# Analyze loan approval decisions automated with IBM Automation Decision Services

## Build trust in your decision automation with IBM Cloud Pak for Business Automation
This notebook shows the exploitation of a dataset of loan approvals automated by IBM Cloud Pak for Business Automation.
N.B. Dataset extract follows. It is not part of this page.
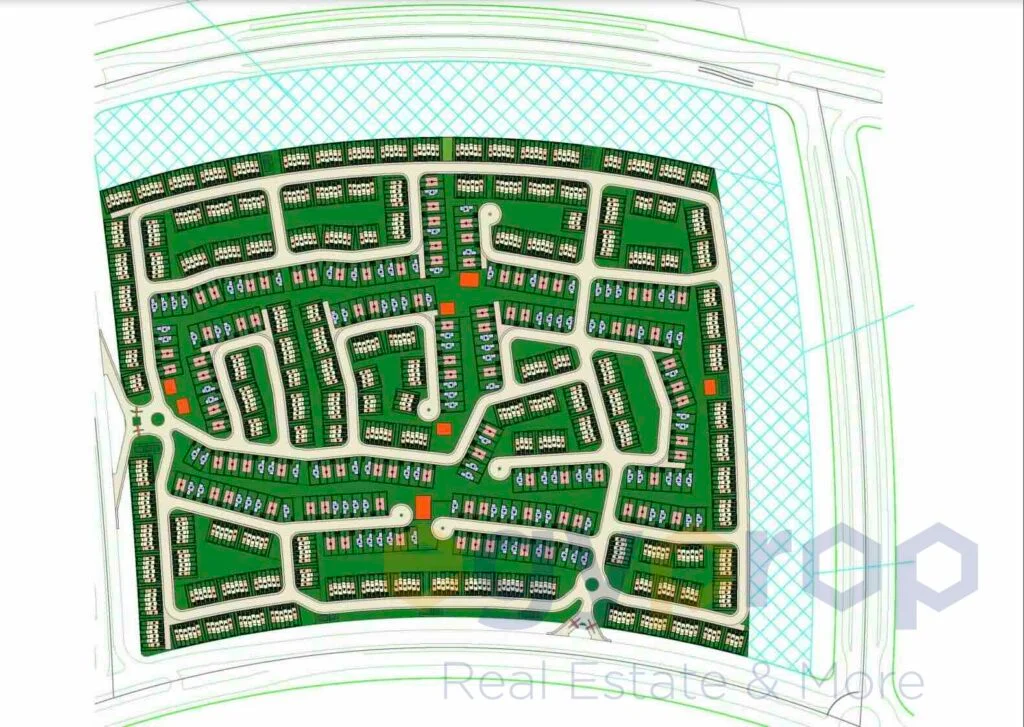 كمبوند سينز المستقبل سيتي – Scense Mostakbal City 2026 5 أنواع ومساحات الوحدات في كمبوند سينز المستقبل سيتي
More precisely we applied <b>Automation Decision Services</b> to model a low code decision service and deploy it as an automation REST endpoint.
Form there we use a simulation microservice project called SimuLatte to play a set of requests, compute the decisions and apply an analytical notebook to get insights.

Each decision captures the request with all input parameters, the answer with all output parameters computed by the decision logic including business rules and ML models, and the trace. 
In the trace you find the list of the executed rules and ML models.

The dataset contains 5000 automated decisions.


## 1 - Read the decision dataset
This report post-processes the result of a simulation that wrote a dataset of automated decisions in a data lake or a local file system.
The first decisions found in the simulation dataset look like below:

In [17]:
import json

#!pip install requests
#import requests

!pip install pandas
import pandas as pd

!pip install urllib3
import urllib

from urllib.parse import urlencode
from urllib.request import Request, urlopen

from pathlib import Path
import json
import random
import datetime
import os
import sys
import requests
import pandas as pd
import numpy as np
import tqdm
import uuid
import plotly
from plotly.offline import plot, iplot, init_notebook_mode
import plotly.express as px
init_notebook_mode(connected = True)
import plotly.express as px
import plotly.graph_objects as go
from plotly.subplots import make_subplots

!pip install pgeocode
import pgeocode





In [2]:
datasinkPath = "https://raw.githubusercontent.com/PierreFeillet/decisions-analytics/main/data/ADS/loanApprovalWithTasks/ads-22.0.1-loanapprovalwithtask-withtrace-5K.json" #startSimulation.json()["dataSink"]["uri"]
    
outputData = []
line = ""
for line in urllib.request.urlopen(datasinkPath):
    line = line.rstrip()
    jsonLine = dict()
    line_to_json = json.loads(line)
    jsonLine["request"] = line_to_json["request"]
    if(line_to_json["trace"]=="empty"): 
        jsonLine["trace"] = "empty" 
    else: 
        jsonLine["trace"] = line_to_json["trace"]
    jsonLine["response"] = line_to_json["response"]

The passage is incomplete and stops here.